TASK INSTRUCTIONS: Repeat every line of the data exactly, but not the pictures.

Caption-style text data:
▼▼▼

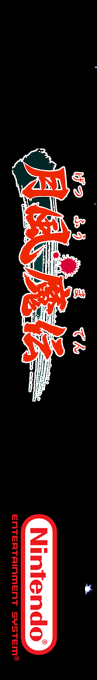 Getsu Fuuma Den — box-2D-side (SS)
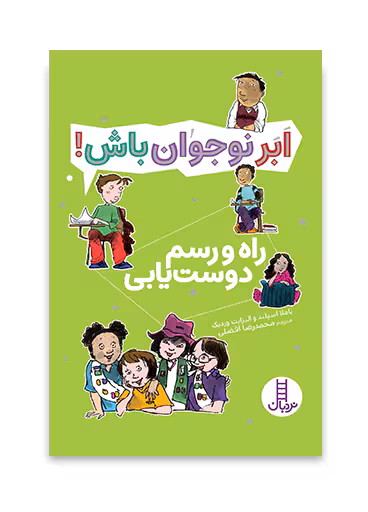 راه و رسم دوستیابی - ابر نوجوان باش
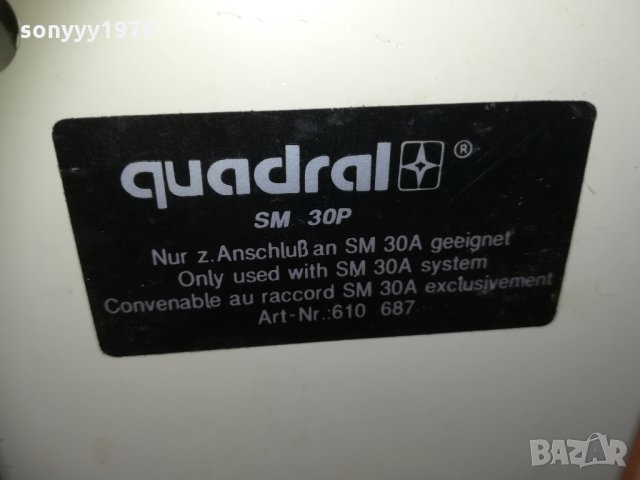 QUADRAL JB-799N HI-FI SPEAKER SYSTEM 1003211544, снимка 13 - Тонколони - 32109523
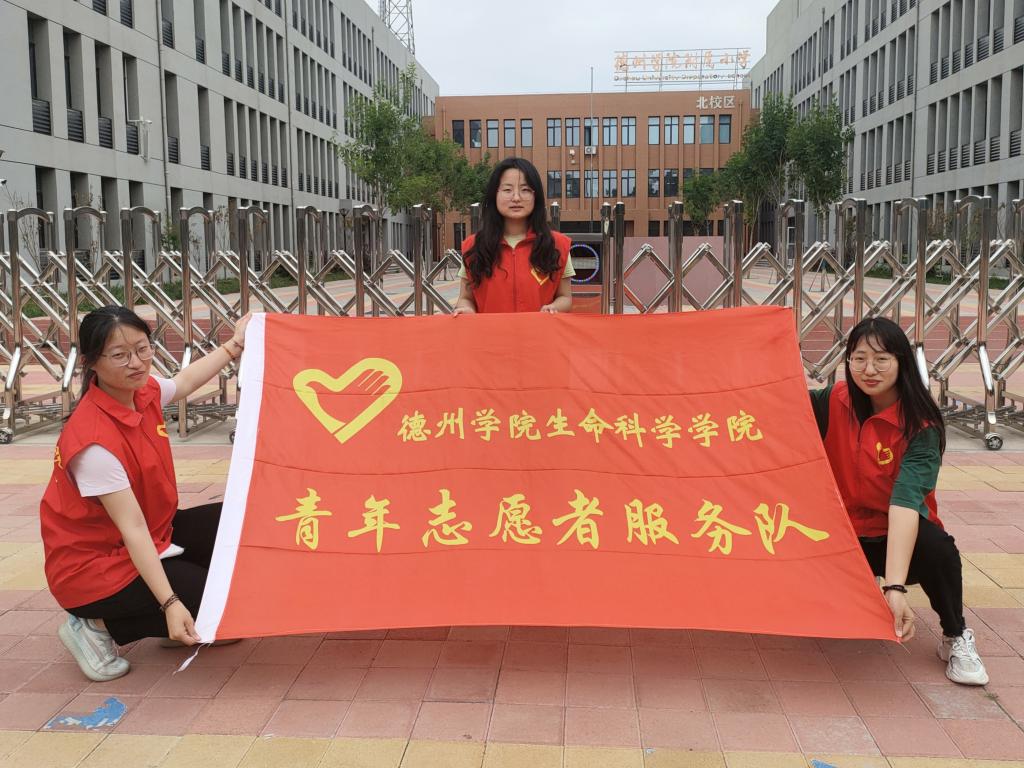 BB电子游戏官网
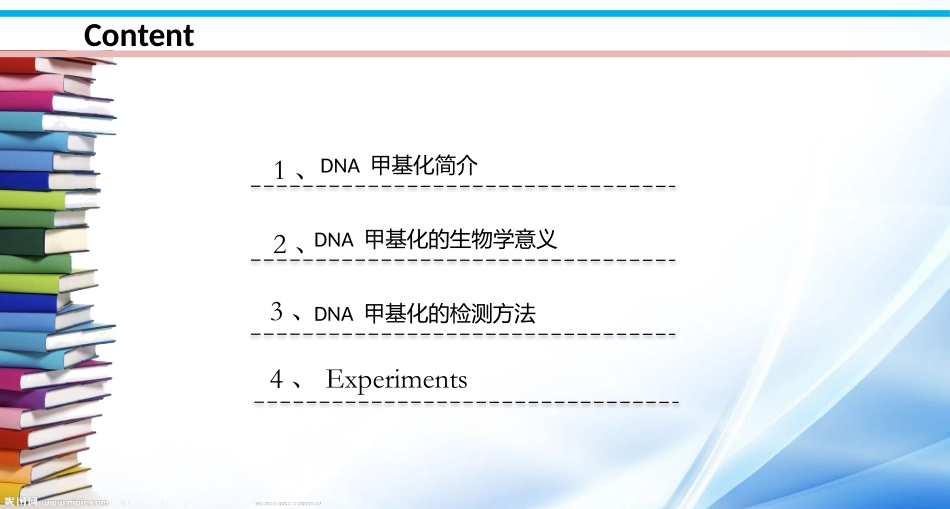 DNA甲基化实验_第2页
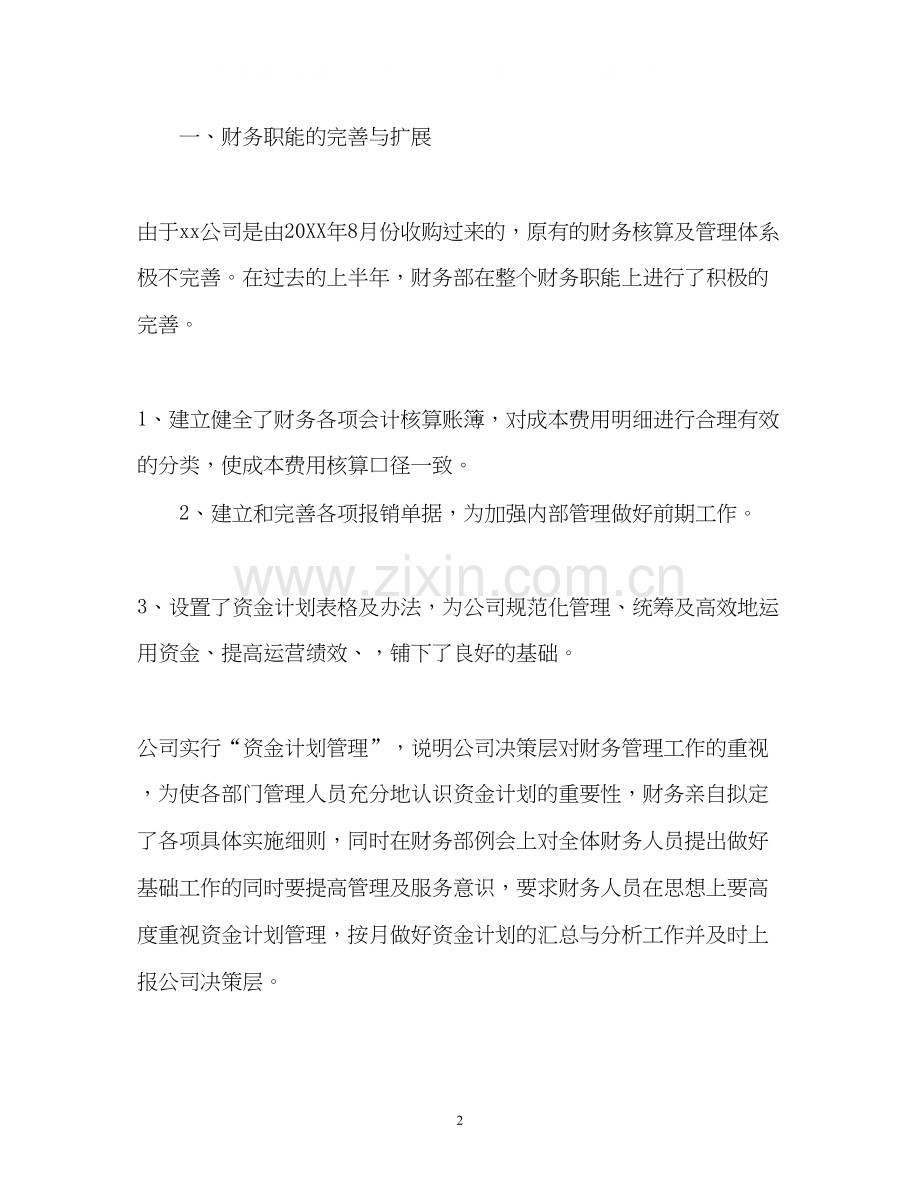 财务下半年工作计划2.docx_第2页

▲▲▲

RESPONSE:
 Getsu Fuuma Den — box-2D-side (SS)
 راه و رسم دوستیابی - ابر نوجوان باش
 QUADRAL JB-799N HI-FI SPEAKER SYSTEM 1003211544, снимка 13 - Тонколони - 32109523
 BB电子游戏官网
 DNA甲基化实验_第2页
 财务下半年工作计划2.docx_第2页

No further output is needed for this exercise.